The historical account of jails in our country can be traced back to the Epic age. In Ramayana, when Bharata saw Rama at Chitrakut, the latter, while making detailed inquiry about the state of polity and welfare of people of Ayodhya, did not forget to elicit the situation in jail there. References of jail are also there in the Mahabharata. In those mythological period there were eighteen important state officials and one of them was the bead of the institution of jail (karagriha) designated as kamyadhyrrkrkcr". In Manusmriti it is stated that "(the King) should have all the prisons built on the royal highway, where the suffering and mutilated evil doers can be seen".

There were also horrific punishments like feeding to animals, mutilations etc. We have locked up people in our country (in dungeons and cellars) to get them out of sight and often to await some other punishment such as banishing, ostracizing, and death, this includes the locking up of Lord Krishna's parents in a dungeon in Mathura where Lord Krishna was born. The Archeological Survey of India has found the jail in which Ajatasatru confined his father, Bimbisara at Rajgriha, the capital of Magadha- the modem Bihar). The pre-Buddhist jails were said to be very cruel. Here, the inmates were, kept in chains and under heavy loads. Whipping was a daily routine in these jails. Account of Ashoka's Naraka (hell) was included in the writings of Huien Tsang and Fa-Hien Polished treatment of prisoners was unknown in this period. During Muslim period, old forts and castles served the purpose of regular prisons. These prisons were not as cruel as the pre Buddhist prisons.
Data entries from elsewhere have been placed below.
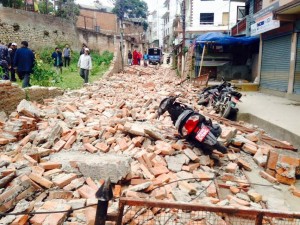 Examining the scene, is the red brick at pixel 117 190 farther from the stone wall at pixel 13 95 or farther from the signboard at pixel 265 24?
the signboard at pixel 265 24

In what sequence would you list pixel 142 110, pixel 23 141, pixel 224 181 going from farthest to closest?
pixel 142 110
pixel 23 141
pixel 224 181

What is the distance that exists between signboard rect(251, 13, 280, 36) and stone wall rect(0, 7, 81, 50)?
16.1 metres

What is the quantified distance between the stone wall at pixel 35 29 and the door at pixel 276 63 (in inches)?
657

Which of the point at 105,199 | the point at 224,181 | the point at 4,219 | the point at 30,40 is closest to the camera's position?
the point at 105,199

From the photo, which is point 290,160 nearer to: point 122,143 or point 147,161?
point 147,161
Development of the Prison System

Until the late 18th century, prisons were used mainly for the confinement of debtors who could not meet their obligations, of accused persons waiting to be tried, and of convicts who were waiting for their sentences--either death or banishment--to be put into effect. But imprisonment gradually came to be accepted not only as a device for holding these persons but also as a means of punishing convicted criminals. During the 16th century a number of houses of correction were established in England and on the continent for the reform of minor offenders. The main emphasis was on strict discipline and hard labour. The unsanitary conditions and lack of provisions for the welfare of the inmates in these houses of correction soon produced widespread agitation for further changes in methods of handling criminals.

Solitary confinement of criminals became an ideal among the rationalist reformers of the 18th century, who believed that solitude would help the offender to become penitent and that penitence would result in reformation. This idea was first tried out in the United States, at Eastern State Penitentiary, which was opened on Cherry Hill in Philadelphia in 1829. Each prisoner of this institution remained in his cell or its adjoining yard, working alone at trades such as weaving, carpentry, or shoemaking, and saw no one except the officers of the institution and an occasional visitor from outside. This method of prison management, known as the "separate system," became a model for penal institutions constructed in several other U.S. states and throughout much of Europe.